Welcome to FOOD & FELLOWSHIP: Old & New Recipes from the Green Acre Kitchen. Each week we will share three recipes, both old and new. When the day comes—and it will—that we can sit at a table and break bread together again, perhaps we will all have a few new dishes to share.
Here’s three recipes incorporating fresh local produce to help celebrate this amazing new season.
Pesto Pasta with Fresh Peas
English Peas or shelling peas have a peak season from May to early Summer though they can be found throughout the warm weather. They usually come in their pods but may also be found shucked. 1 pound of English Peas will yield approximately 1 cup of shelled peas. Frozen peas can be substituted but need slightly less cooking time. Some good examples of short pasta are Ziti, Cavatappi, Farfalle, Gemelli, Penne and Rotini.
1 bunch basil, leaves and young, tender stems
¼ cup fresh mint leaves
½ cup walnuts, toasted lightly
2 garlic cloves
1 teaspoon kosher salt
¼ cup olive oil
¼ cup parmesan or romano cheese
1-pound short pasta (see above)
2 cups of English peas
In a food processor blend the rinsed basil, mint, garlic, salt and olive oil into a rough paste adding more oil if needed. Pulse in the cheese.
Bring a lightly salted pot of water to a boil. Add the peas and let cook for 3 to 4 minutes or until slightly tender. Remove peas with a sieve and allow to cool. Add more salt to water until it tastes like the ocean. Add pasta and cook according to directions. Drain pasta saving a cup of cooking water. Mix pasta, peas, cooking water and pesto in cooking pot, folding gently. Serve immediately with shredded cheese on the side for sprinkling.
Sautéed Swiss Chard and Garlic
Swiss Chard in all its colorful varieties begins to make an appearance in farmer’s markets in late April and will remain there until fall. Swiss Chard is in the same vegetable family as beets and spinach and a nutrition powerhouse with significant amounts of vitamins C, A and K plus iron. While many recipes call for trimming and disposing of the ribs, they can be cooked and eaten along with the leaves saving waste and adding visual appeal, nutrients and additional flavor to the final dish. Sauteed chard is a great side dish, but can be a meal when served over pasta, polenta or quinoa and pairs nicely with feta, goat cheese or parmesan. One large bunch feeds 2 to 4.

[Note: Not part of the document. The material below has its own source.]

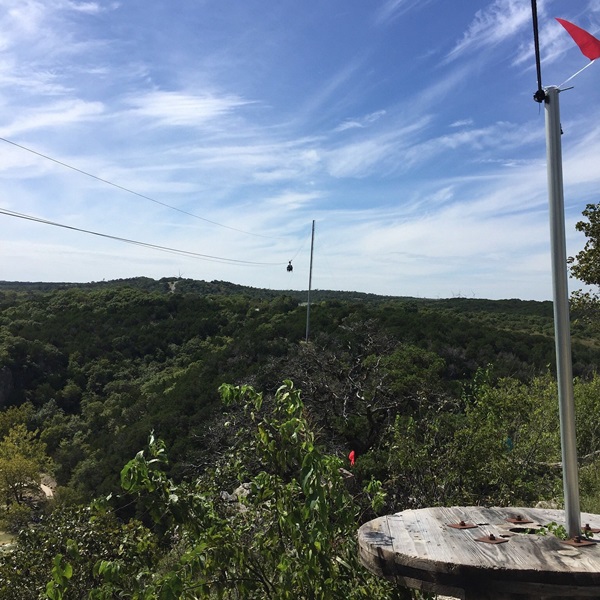 777 Zipline offers a thrilling zipline experience with stunning views of the Turner Falls area and features multiple lines that soar above the scenic landscapes. 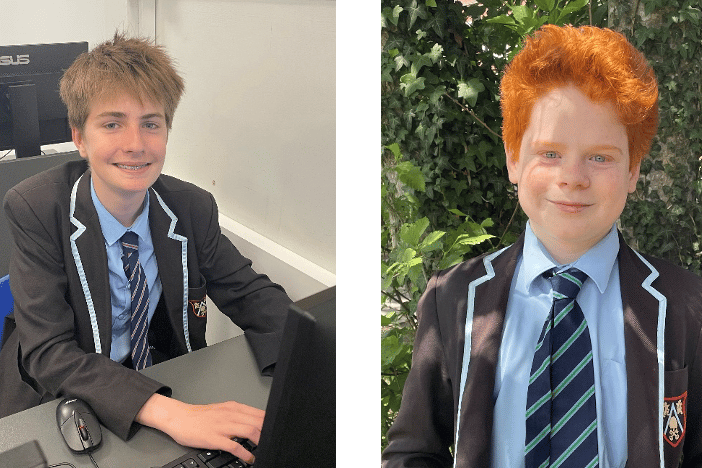 The pupils from Ash Manor School who have reached the BAFTA game design finals.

1 large bunch Swiss chard, ribs removed and diced, leaves torn into large pieces
1 tablespoon olive oil
2 large cloves garlic, crushed
½ teaspoon hot pepper flakes
1 tablespoon lemon juice, fresh
salt and pepper
Pour olive oil into a medium hot skillet. Add the diced ribs and sauté for 2 minutes. Add the hot pepper flakes and garlic, cook for a minute, then add the chard leaves. Gently stir and fold briefly until wilted, 2 to 3 minutes. Remove from heat and season with salt, pepper and lemon juice.
Rhubarb Cream Pie
A big thanks to my mom for sharing this recipe from my great Aunt Ida. It has been used in my family for many years. Rhubarb is a very sour fruit and the original recipe called for even more sugar. As diets have changed over the years, we have lowered the sugar content.
1 cup sugar
3 tablespoons flour
½ teaspoon nutmeg, freshly ground
1 tablespoon butter, room temperature
2 beaten eggs
3 cups rhubarb, diced 1 inch pieces
1 recipe pie crust, double-crust
1 beaten egg, for egg wash
Preheat oven to 450F.
Blend sugar, flour, nutmeg and flour. Add beaten eggs and mix until smooth. Place rhubarb in a prepared pie crust and spread the egg mixture over the rhubarb.
For a stunning presentation, add a lattice top crust or add slightly overlapping stars or leaf shapes. Brush the top crust with an egg wash and bake for 10 minutes at 450F. Lower the over to 350F and bake for an additional 30 minutes. Serve with vanilla ice cream.